One risk factor that’s been associated with the ketogenic diet is kidney stones. Some claim that the amount of protein this diet contains is too much, while others blame mineral imbalances.
But is there any truth to these claims? While the ketogenic diet is certainly low-carb, it’s not necessarily high protein. And the window of time where mineral imbalance can occur is relatively short.
Let’s take a deeper dive into what kidney stones, are and if the ketogenic diet could be a cause for concern.
Kidney stones are made up of minerals and salts that have not been properly eliminated from your body. They typically start small but can grow larger in size, even filling the hollow structures of your kidneys.
It’s possible for these stones to stay in place and not cause any issues at all. However, if they travel down the tube between your kidney and bladder (the ureter), they can either be eliminated in your urine, or it can become lodged in your ureter.

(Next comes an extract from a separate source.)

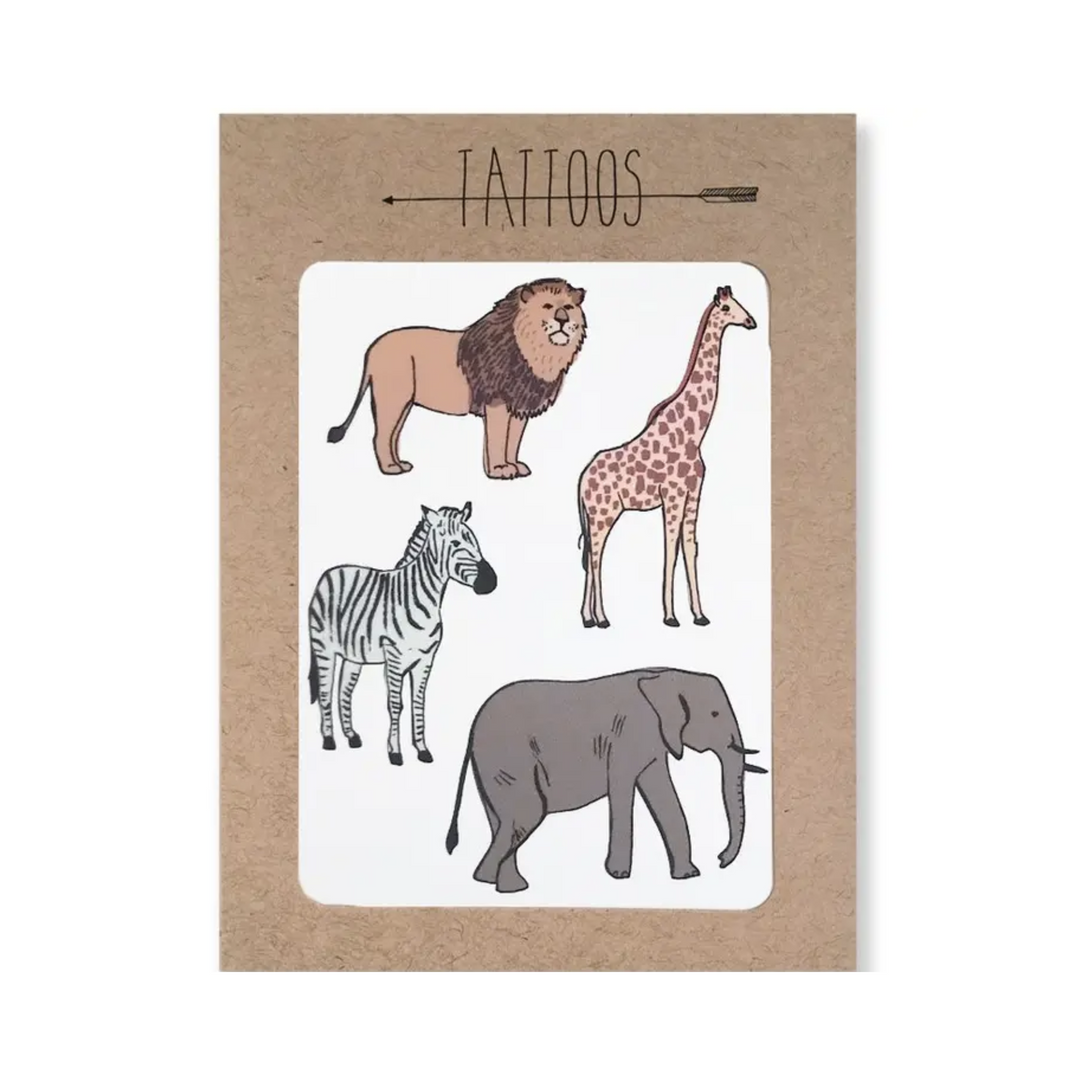 Tattoo / Safari Temporary Tattoos Pack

If the latter happens, the kidneys stones may end up blocking the flow of urine from the kidney and causing pain. Passing a kidney stone can be quite painful, but it typically doesn’t cause permanent damage[*].
Common symptoms associated with kidney stones include [*]:
- Pain in the side and back, and below your ribs
- Pain while urinating
- Pain radiating from the lower abdomen to the groin
- Pink, red, or brown urine
- Nausea or vomiting
- Cloudy urine
- Foul-smelling urine
- Urinating more often or less often than usual
- Fever and chills (if there is an infection)
One of the essential tasks of your kidneys is to remove wastes and fluid from your blood to produce urine. However, if you have too much waste or you don’t have enough fluid, these wastes can build up and produce kidney stones[*].
Kidney stones can come from a few different sources:
Calcium stones are the most common type of kidney stone. Specifically, calcium oxalate stones. While it may sound intuitive that calcium stones could be prevented by taking in less calcium — it’s actually sodium that many healthcare practitioners advise to avoid.
Too much salt in the diet is a risk factor for calcium stones because as your kidneys are working to eliminate the sodium, they reabsorb less calcium. This means that less calcium is transferred from your urine back into your blood and is therefore stuck hanging around in your kidneys[*].
Uric acid is a waste product that your kidneys need to eliminate. If your urine is acidic due to diet or lifestyle factors, it makes it harder for these uric acid crystals to dissolve. Uric acid crystals can also form from eating a diet high in purines, which are found in animal proteins like beef, liver, chicken, pork, and eggs[*].
Struvite stones are a less common type of kidney stone and are related to chronic urinary tract infections (UTIs). Unlike uric acid stones, struvite stones are caused by urine that is too alkaline.
Struvite stones are most prevalent in people with poor bladder emptying or with long-term tubes in their kidneys. These issues can cause a build-up of bacteria which can lead to alkalinity in the urine[*].
Cystine stones are the least common type of kidney stone and are caused by a rare disorder called cystinuria. Cystinuria is an inherited disorder in which the sulfur-containing amino acid cystine leaks into your urine. The excess cystine in your urine can then lead to a buildup in the kidneys — causing kidney stones[*].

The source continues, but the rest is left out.